Selain gagasan dan pendapat dalam bentuk tulisan, ada juga gagasan dan pendapat dalam bentuk lisan. Misalnya, seorang penulis berdiskusi dengan ahli di bidang tertentu untuk mendapatkan informasi atau gagasan yang bermanfaat dari ahli tersebut. Apabila informasi atau gagasan itu dimunculkan dalam karya tulisnya, penulis tersebut harus menghargai dan mengakuinya dengan mencantumkannya sebagai komunikasi pribadi (private communication) pada daftar pustaka / referensi dari karya tulis tersebut.
Lebih banyak lagi yang ingin disampaikan penulis, namun keterbatasan waktu serta pengetahuan menjadi alasan artikel ini disudahi sampai disini. Akhirnya tiada gading yang tak retak, masukan dan kritikan yang membangun diharapkan penulis dari pembaca agar bahan bacaan ini lebih baik.


DAFTAR PUSTAKA

Adimihadja, M.  2005.  Plagiarisme Jakarta: Erlangga.
Departemen Pendidikan dan Kebudayaan. 1996. Kamus Besar Bahasa Indonesia Edisi Kedua. Jakarta: Balai Pustaka.
 Hutagalung, Sophar Maru. 1994. Hak Cipta: Kedudukan dan Peranannya di Dalam Pembangunan. Jakarta: Akademi Perssindo.
Nias. 2008. Plagiarisme. http://niasonline.net/2008/07/15/plagiarisme/. Diakses tanggal 17 Desember 2010 . 
Rosyidi, A.  2007.  Plagiarisme Merugikan Semua Pihak. http://rosyidi.com/plagiarisme-merugikan-semua-pihak/. Diakses tanggal 17 Desember 2010. 

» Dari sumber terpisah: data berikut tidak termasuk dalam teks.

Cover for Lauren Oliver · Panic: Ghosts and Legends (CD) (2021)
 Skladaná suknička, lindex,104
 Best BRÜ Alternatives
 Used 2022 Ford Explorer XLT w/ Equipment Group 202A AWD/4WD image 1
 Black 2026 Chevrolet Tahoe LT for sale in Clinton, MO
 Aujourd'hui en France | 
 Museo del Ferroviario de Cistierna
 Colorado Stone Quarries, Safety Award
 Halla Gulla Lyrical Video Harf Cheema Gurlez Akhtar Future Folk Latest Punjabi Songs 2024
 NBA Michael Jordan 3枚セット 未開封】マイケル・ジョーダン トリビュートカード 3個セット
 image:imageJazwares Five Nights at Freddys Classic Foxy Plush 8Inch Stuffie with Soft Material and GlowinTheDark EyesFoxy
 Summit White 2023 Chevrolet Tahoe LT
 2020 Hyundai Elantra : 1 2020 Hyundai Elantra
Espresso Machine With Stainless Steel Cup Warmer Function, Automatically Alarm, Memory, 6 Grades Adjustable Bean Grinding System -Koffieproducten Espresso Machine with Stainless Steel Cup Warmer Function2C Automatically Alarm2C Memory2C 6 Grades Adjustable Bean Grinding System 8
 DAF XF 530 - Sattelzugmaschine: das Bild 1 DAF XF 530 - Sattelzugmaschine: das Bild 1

Sunggono, Bambang. 2007. Metodologi Penelitian Hukum. Jakarta: Grafindo Persada. 
Undang-Undang Republik Indonesia Nomor 19 Tahun 2002 Tentang Hak Cipta.  http://id.wikisource.org/wiki/Undang-   Undang_Republik_Indonesia_Nomor_19_Tahun_2002. Diakses tanggal 17 Desember 2010. 
Universitas Lampung.  2009.  Peraturan Akademik. Bandar Lampung: Universitas Bandar Lampung.